What is an oscillator?
Oscillators are continuous patterns, which means they don't have any structure, and must be used with a pattern that does. For example d1 $ sound "bd*8" >| pan sine won't work well, because the >| operator instructs Tidal to take structure from the right, and sine doesn't have any structure, so Tidal will simply trigger events at a fixed rate (depending on your configuration, this might be very fast). d1 $ sound "bd*8" |> pan sine is better, because |> takes structure from the left, so eight kick drums will play, with pan values sampled from the sine wave for each of the eight events.

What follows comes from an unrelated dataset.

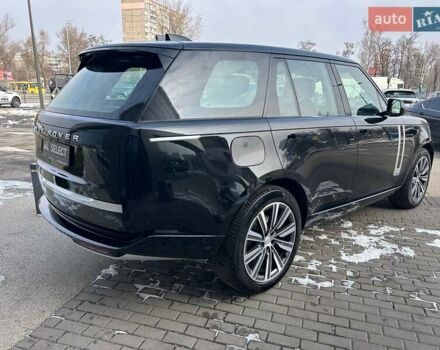 Чорний Ленд Ровер Рендж Ровер, об'ємом двигуна 3 л та пробігом 45 тис. км за 168777 $, фото 5 на Automoto.ua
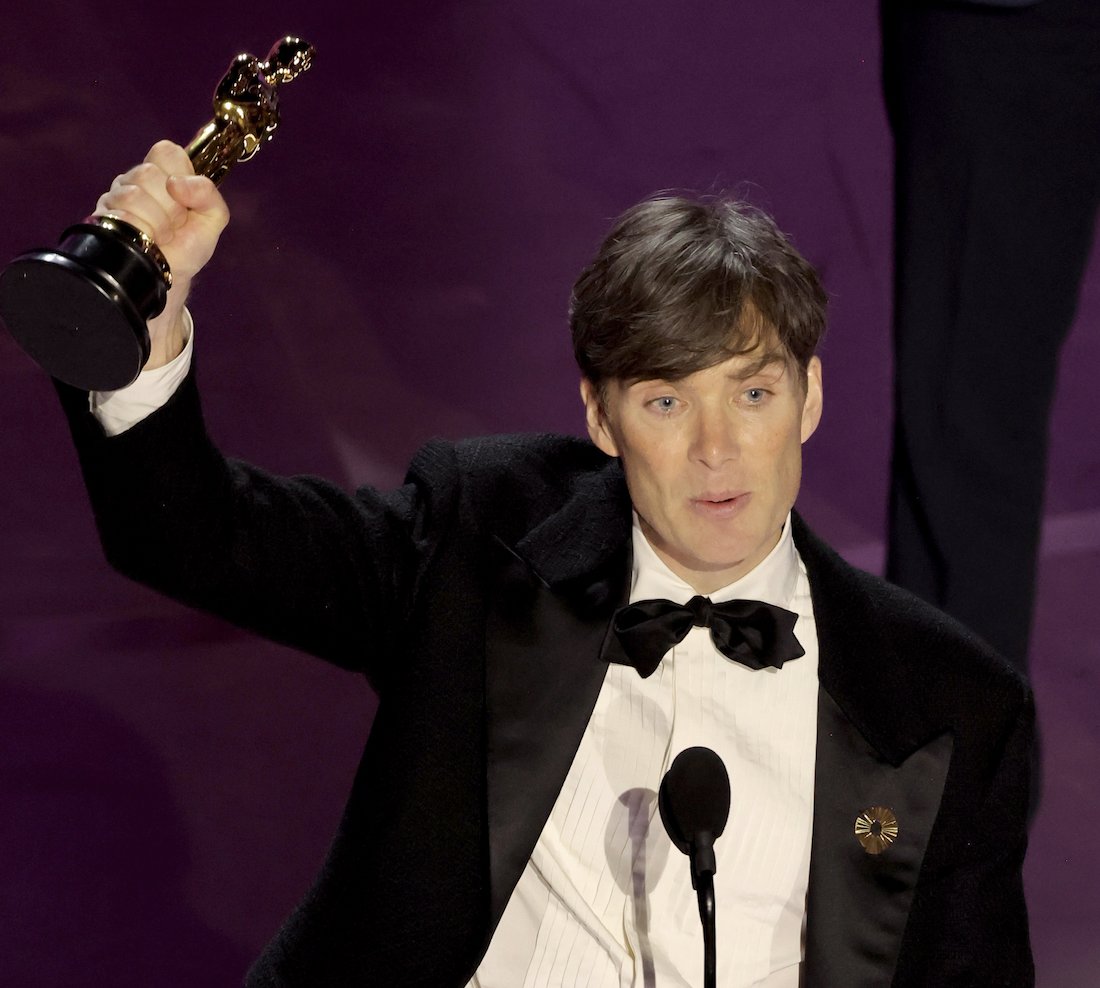 Oscar for Best actor in a leading role goes to Cillian Murphy for his role in ‘Oppenheimer’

Where a pattern has the type Fractional a => Pattern a, that means that they can be used both as floating point numbers or (rational) time values.
Using oscillators
Periodic oscillators
Sine
Type: sine :: Fractional a => Pattern a
sine is a sinusoidal wave. Playing this example, you should hear the sound slowly moving from your left to your right speaker:
d1 $ sound "bd*8" # pan sine
Cosine
Type: cosine :: Fractional a => Pattern a
A cosine wave, is a sine shifted in time by a quarter of a cycle. It sounds similar to the sine above:
d1 $ sound "bd*8" # pan cosine # speed (sine + 0.5)
Square
Type: square :: Fractional a => Pattern a
A Square wave, starting at 0, then going up to 1 halfway through a cycle.

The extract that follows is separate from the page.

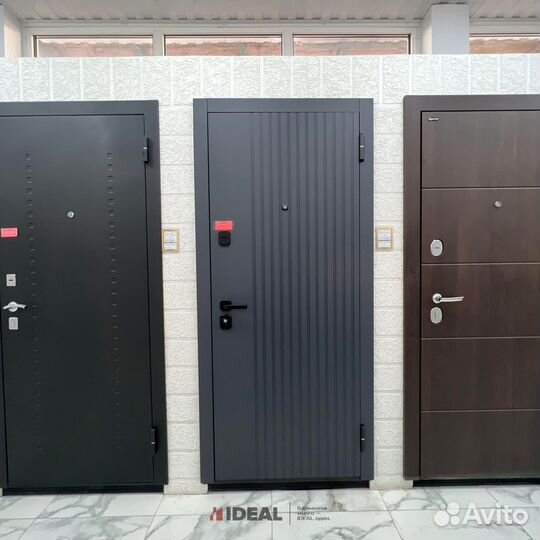 Двери входные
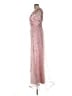 Assorted Brands 100% Polyester Pink Cocktail Dress Size L - photo 5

d1 $ sound "bd*8" # pan (cat [square, sine])
Tri
Type: tri :: Fractional a => Pattern a
A triangle wave, starting at 0, then linearly rising to 1 halfway through a cycle, then down again:
d1 $ sound "bd*16" # speed (slow 2 $ range 0.5 2 tri)
Saw
Type: saw :: Fractional a => Pattern a
A sawtooth wave starting at 0, then linearly rising to 1 over one cycle, then jumping back to 0:
d1 $ sound "bd*8" # pan (slow 2 saw)
Isaw
Type: isaw :: Fractional a => Pattern a
An inverted sawtooth, starting at 1, then linearly falling to 0 over one cycle, then jumping back to 1:
d1 $ sound "bd*8" # pan (slow 2 isaw)
Smooth
Type: smooth :: Fractional a => Pattern a -> Pattern a
Smooth receives a pattern of numbers and linearly goes from one to the next, passing through all of them. As time is cycle-based, after reaching the last number in the pattern, it will smoothly go to the first one again.

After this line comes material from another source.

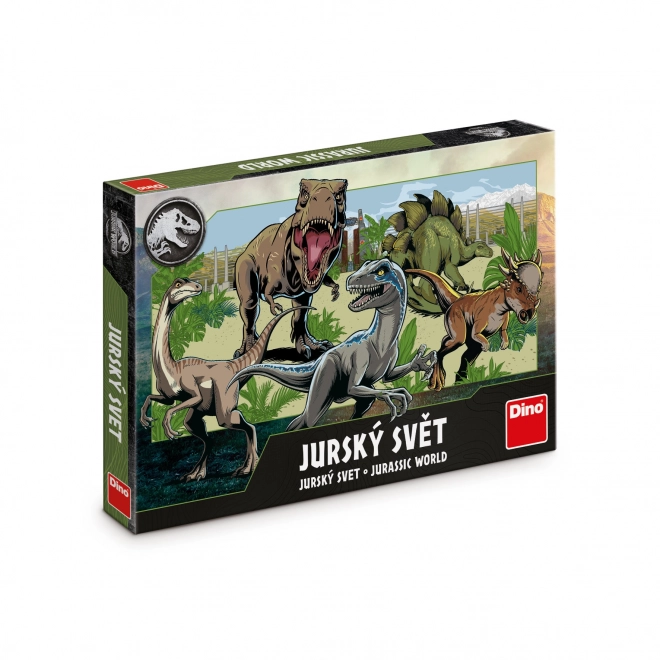 DINO Jeu pour enfants Monde jurassique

d1 $ sound "bd*4" # pan (slow 4 $ smooth "0 1 0.5 1")
Note how the sound goes gradually from left to right, then to the center, then to the right again, and finally comes back to the left.
Non-periodic oscillators
Rand
Type: rand :: Fractional a => Pattern a
An infinitely detailed stream of (pseudo-)random numbers. See the rand reference page for more details.
d1 $ sound "bd*8" # pan rand
Irand
Type: irand :: Num a => Pattern Int -> Pattern a
A function from an integer (giving the maximum) to a stream of (pseudo-)random integer numbers. For more details, head to the rand reference page:
d1 $ sound "drum*8" # n (irand 8)
Scaling oscillators
By default, the oscillators will output values scaled between 0 and 1. You might want to use bigger or smaller values. You might want, for instance, to modulate the frequency of a filter or select a random midi note between 0 and 127. To do so, you can use the range function:
d1 $ s "bass:5*8" # lpf (range 200 5000 $ sine)
Speeding up/down oscillators
Oscillators are patterns! It means that you can speed them up or down using the same function as usual (fast, slow, etc..):
d1 $ s "bass:5*8" # lpf (slow 4 $ range 200 5000 $ sine)
Notice that most of the time, the speed up/down will be in sync with your pattern. How convenient!